Data to use
------------------------------------------------------------------------

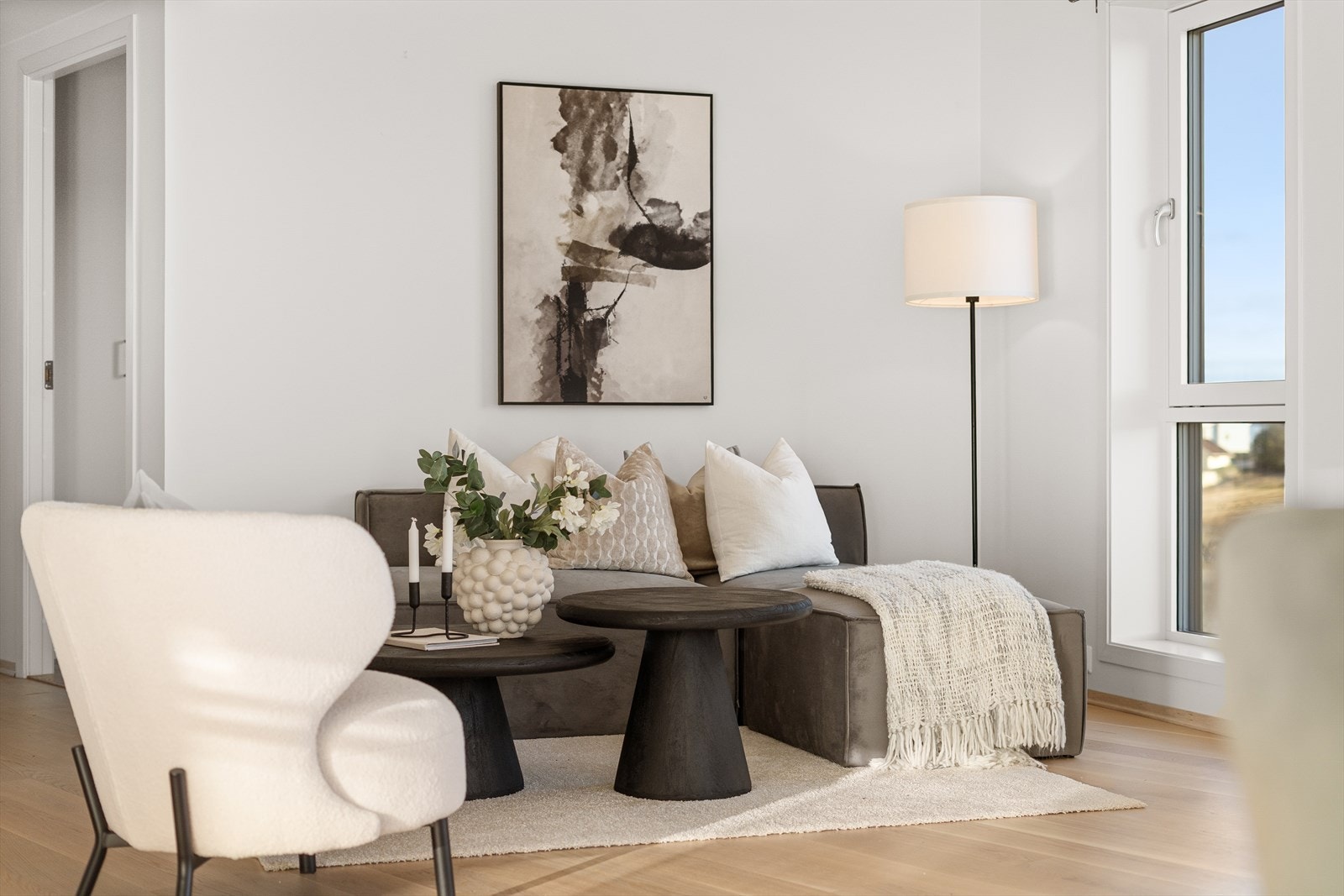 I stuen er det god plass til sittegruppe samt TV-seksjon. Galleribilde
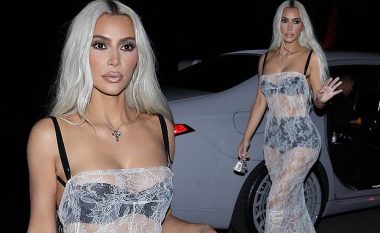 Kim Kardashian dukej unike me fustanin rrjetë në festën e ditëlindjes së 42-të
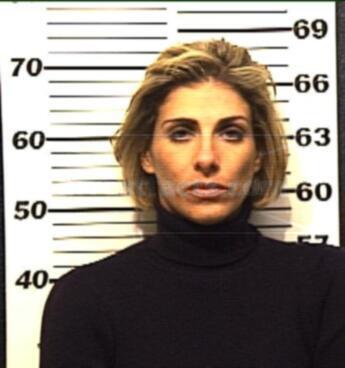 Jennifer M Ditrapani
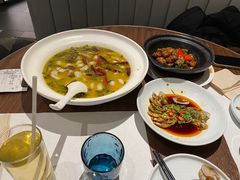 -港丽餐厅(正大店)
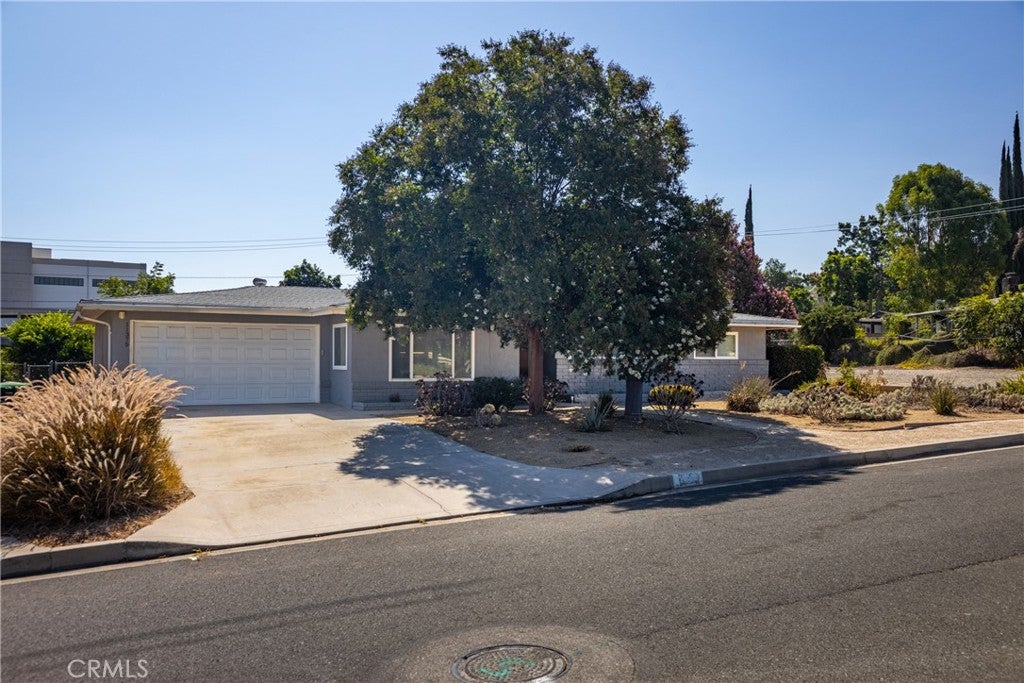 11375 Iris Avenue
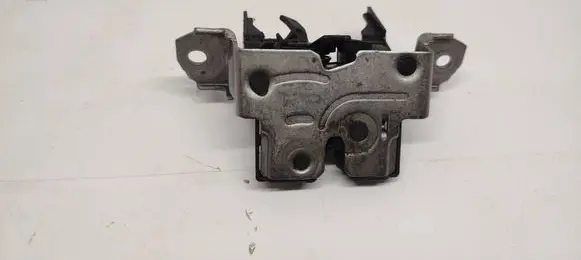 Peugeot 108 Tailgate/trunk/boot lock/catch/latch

------------------------------------------------------------------------

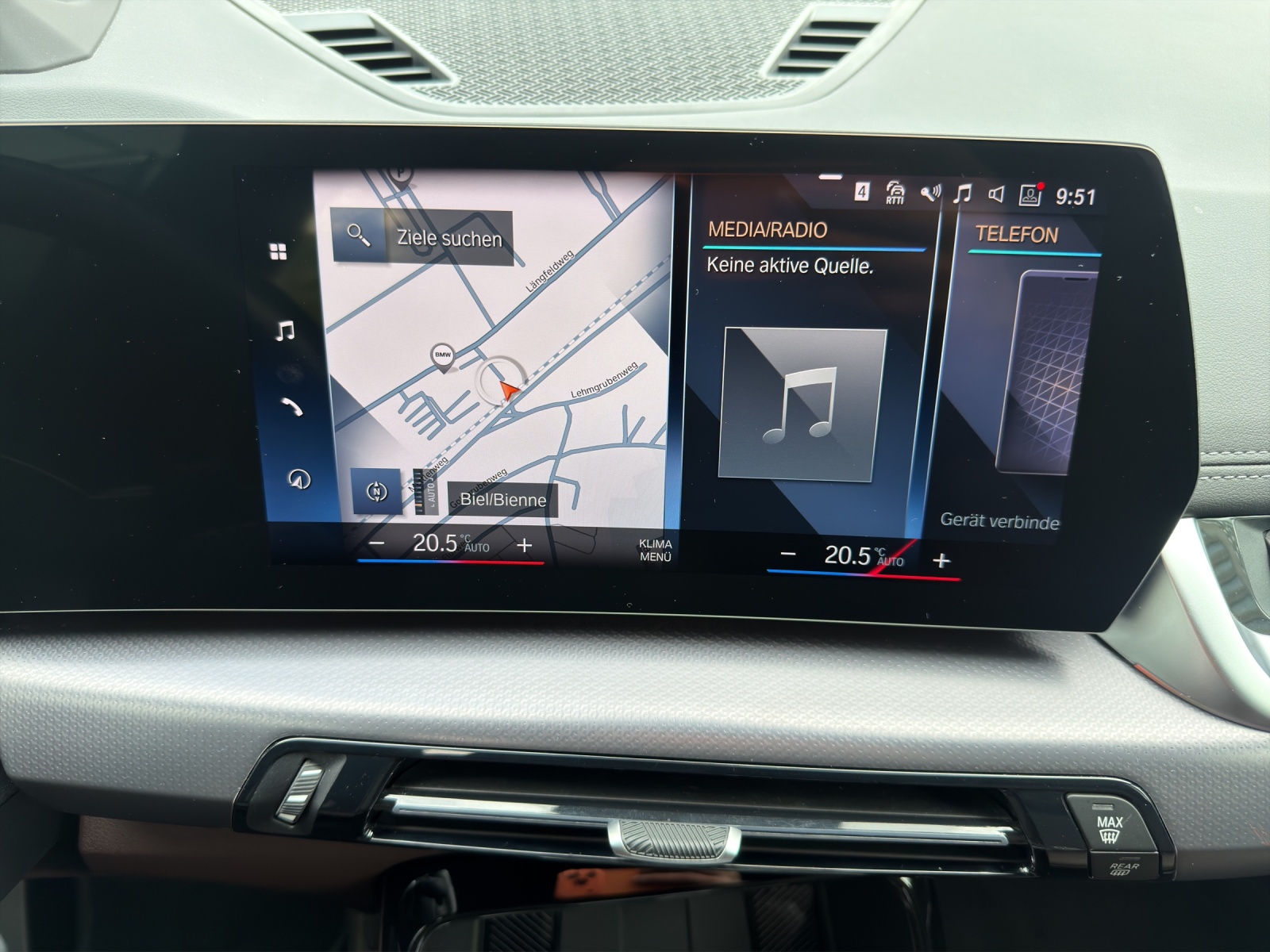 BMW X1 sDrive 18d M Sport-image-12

------------------------------------------------------------------------

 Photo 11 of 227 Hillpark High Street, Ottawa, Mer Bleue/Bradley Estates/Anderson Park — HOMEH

------------------------------------------------------------------------

Your assignment
Print from the line containing "I stuen er det" through the line containing "Peugeot 108 Tailgate/trunk/boot" in the data above, exactly as the lines stand, and omit every picture.

Written response
 I stuen er det god plass til sittegruppe samt TV-seksjon. Galleribilde
 Kim Kardashian dukej unike me fustanin rrjetë në festën e ditëlindjes së 42-të
 Jennifer M Ditrapani
 -港丽餐厅(正大店)
 11375 Iris Avenue
 Peugeot 108 Tailgate/trunk/boot lock/catch/latch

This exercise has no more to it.